#### What you have to do:
Reproduce from the records below, with no pictures, exactly the lines between the one containing "TLBBJ Bicycle Crank" and the one containing "Barbie ZARA X", inclusive.

======== Dataset records

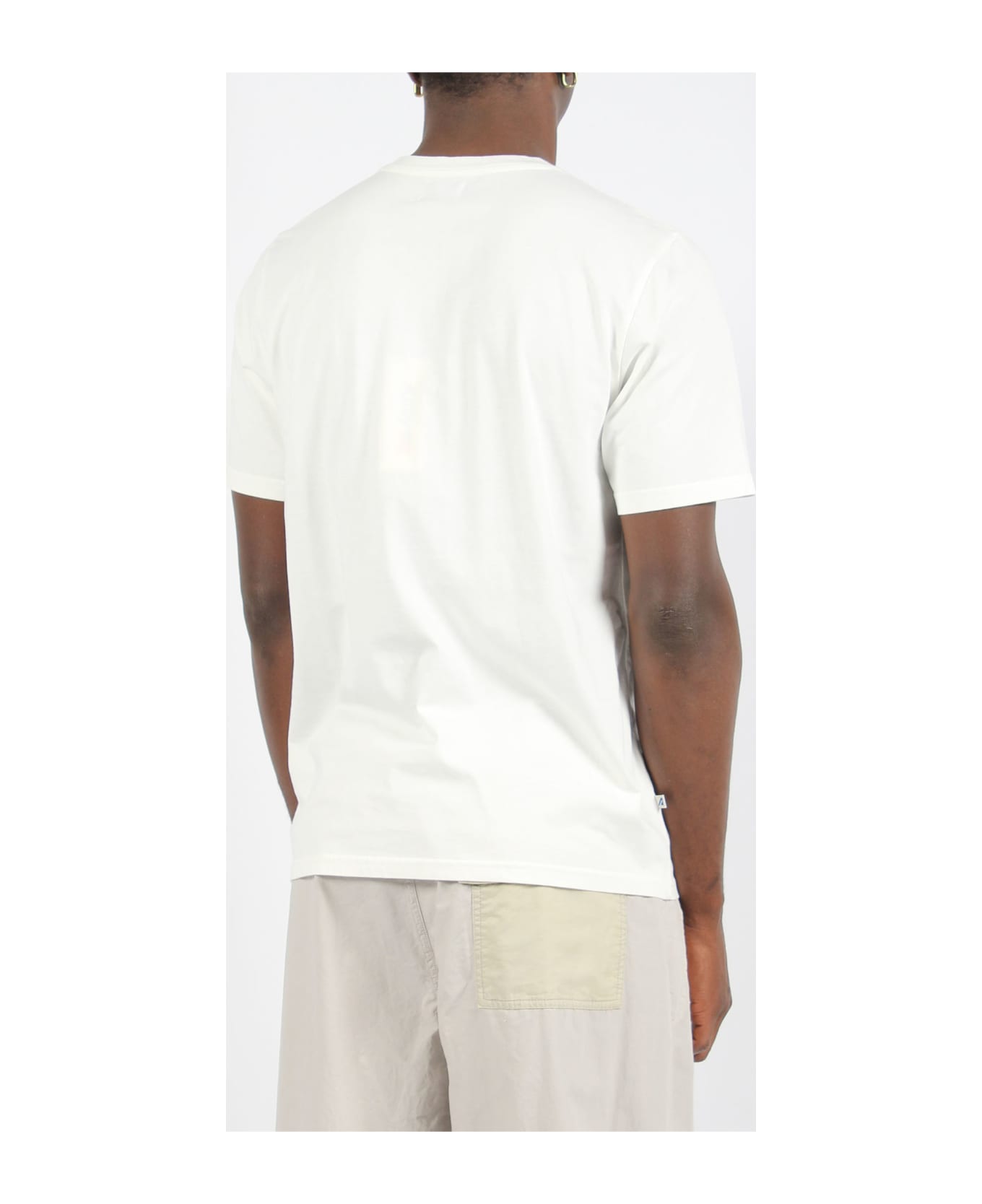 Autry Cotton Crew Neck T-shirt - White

================
======== Dataset records

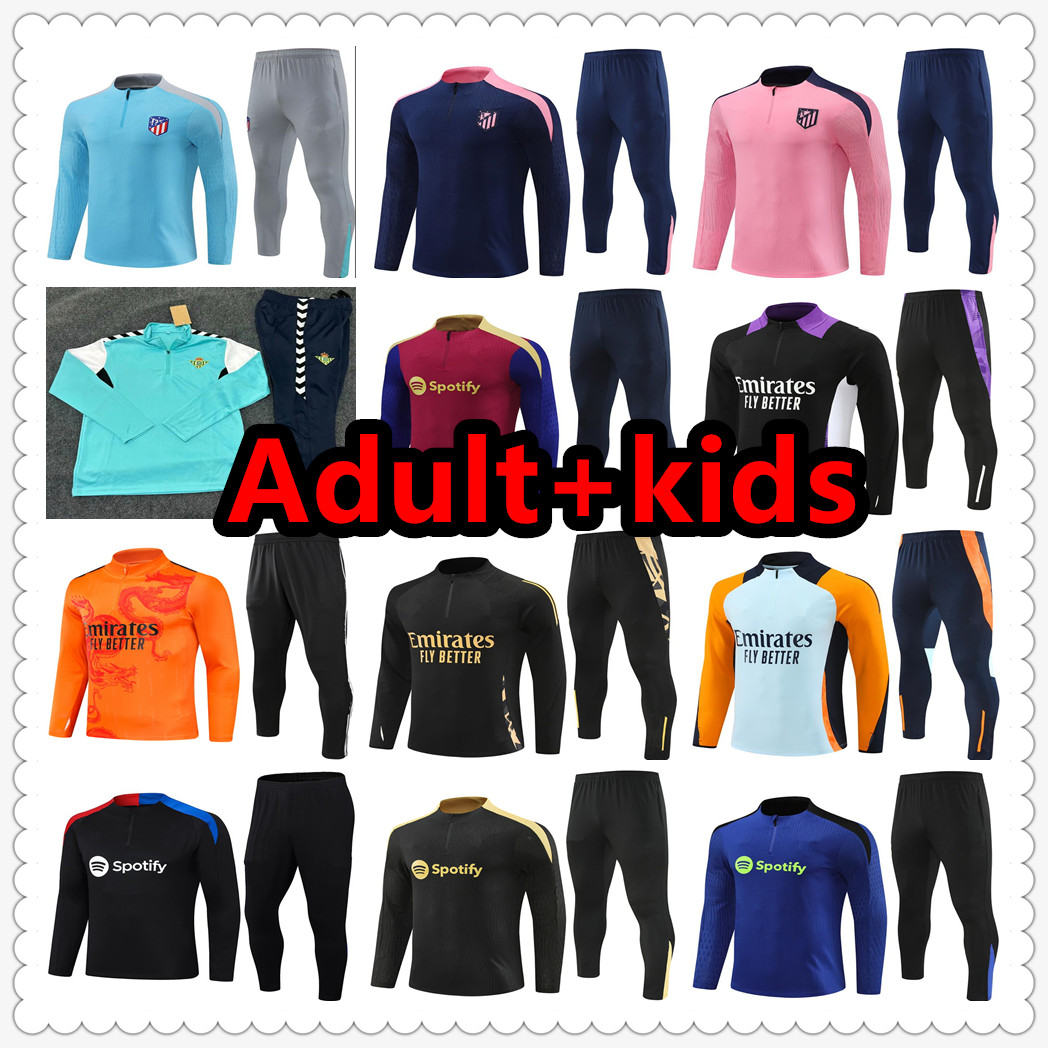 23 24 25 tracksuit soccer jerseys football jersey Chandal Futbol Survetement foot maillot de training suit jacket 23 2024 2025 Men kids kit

================
======== Dataset records

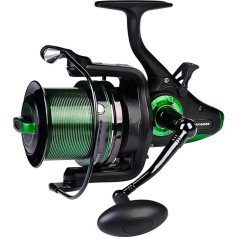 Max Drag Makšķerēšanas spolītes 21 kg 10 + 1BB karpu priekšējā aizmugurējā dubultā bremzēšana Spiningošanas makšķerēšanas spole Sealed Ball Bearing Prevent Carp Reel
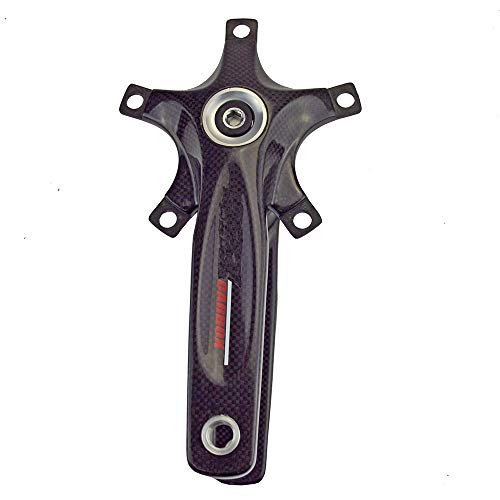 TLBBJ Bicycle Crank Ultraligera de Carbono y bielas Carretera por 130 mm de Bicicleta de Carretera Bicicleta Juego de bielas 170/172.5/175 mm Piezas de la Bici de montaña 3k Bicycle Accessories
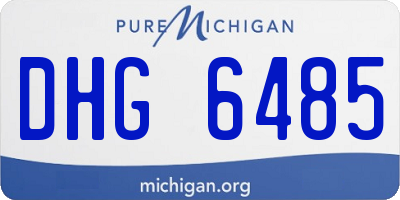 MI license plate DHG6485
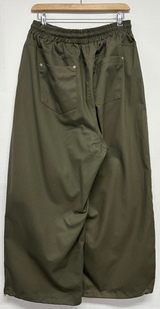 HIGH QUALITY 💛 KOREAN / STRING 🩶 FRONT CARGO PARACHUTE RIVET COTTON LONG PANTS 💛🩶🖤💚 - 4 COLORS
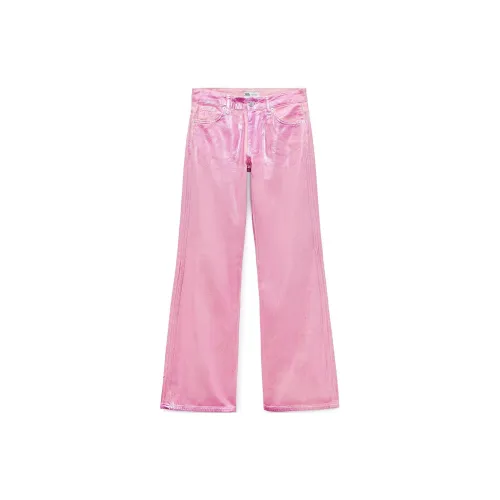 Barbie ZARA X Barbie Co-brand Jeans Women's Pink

================

#### Result of this exercise:
 TLBBJ Bicycle Crank Ultraligera de Carbono y bielas Carretera por 130 mm de Bicicleta de Carretera Bicicleta Juego de bielas 170/172.5/175 mm Piezas de la Bici de montaña 3k Bicycle Accessories
 MI license plate DHG6485
 HIGH QUALITY 💛 KOREAN / STRING 🩶 FRONT CARGO PARACHUTE RIVET COTTON LONG PANTS 💛🩶🖤💚 - 4 COLORS
 Barbie ZARA X Barbie Co-brand Jeans Women's Pink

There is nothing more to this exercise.